Thursday, July 21, 2011

Old and Dusty



While at the farmer's market, I met a photographer who has an eye for the kind of things I'd like to shoot... that is, if I could just pip off to <insert exotic country here> whenever I felt like it. In fact, she is in Borneo at the moment on a photo shoot. I sigh in green, frothy jealousy. But it was not her exotic shots that caught my eye but her local ones.

Yes, she had a rather impressive, textural and rich collection of the rural and the derelict. I have no idea where she found the house? barn? that she shot in, but I want to find one like it, too.

When I was a child growing up in Newfoundland, just up the highway from my grandparents' cabin in Holyrood, there was an abandoned house. Salt box house, in retrospect, and it still had all the fixings-- old furniture, old stove, the kind you have to put wood inside to get hot... at least, that's what I could glean from peeking in the window and the open door. My father would never let us go inside. He went inside once and left me outside, just burning up. I never wanted to disobey him more in my life than at that moment. I never wanted to explore a place more than this old, abandoned property with the clover and the thistle and the grass growing as high as my waist, the pieces of somebody's life left behind, perhaps the magazine left on the table where someone had been flipping through it, dishes left in the sink to dry, never put away, moldy linens still in the closet and on the iron beds...
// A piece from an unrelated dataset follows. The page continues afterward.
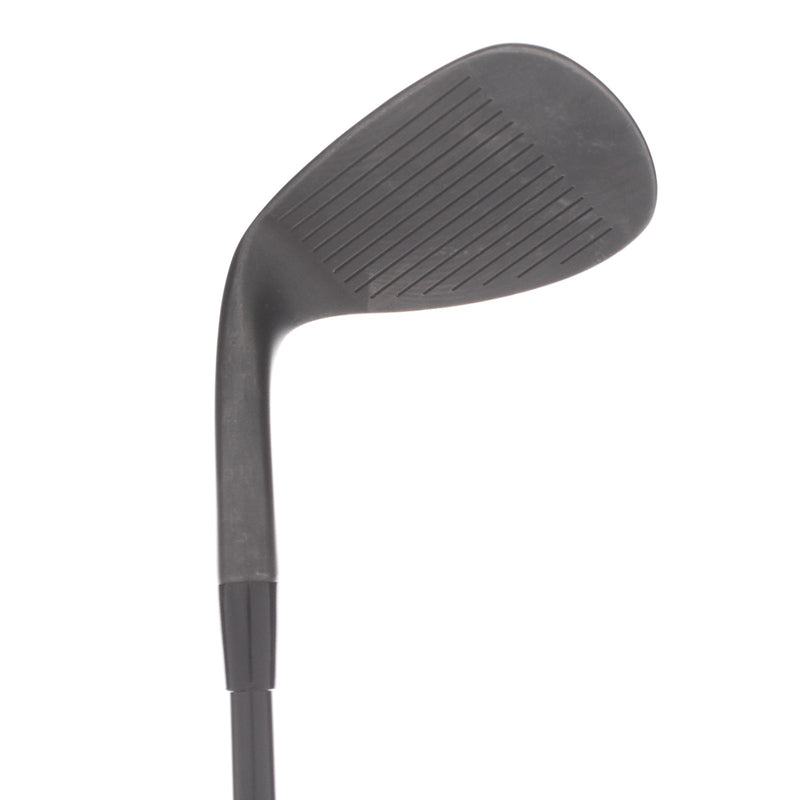 Cobra King Black Steel Mens Right Hand Sand Wedge 56* 10 Bounce Versatile Grind Stiff - True Temper Dynamic Gold S200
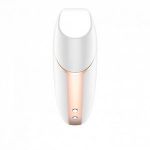 Белый вакуум-волновой вибростимулятор Satisfyer Love Triangle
I was experiencing my first pang of nostalgic curiosity, a haunting feeling I experience whenever I saw a place like this, or watch Titanic or Schindler's List, or hold an artifact from a museum (you're allowed to do that, right? touch the old stuff?), put my grandmother's dainty gloves on my own hand or go through her purse and find a 80-year-old shopping list. It's the feeling I had when walking through the halls of Versailles and marveled that once upon a time, it too was a house and not a museum, that people looked out those windows on their drive and on their yard, or sat in those chairs, now forbidden, and stoked the now empty fireplaces. The idea of ghosts was fascinating to me, romantic, that the shades of the past could still be creeping about. I was never afraid of ghosts, just the dark Shadow Man I was convinced lurked outside my bedroom door in the hallway. But he was not a ghost.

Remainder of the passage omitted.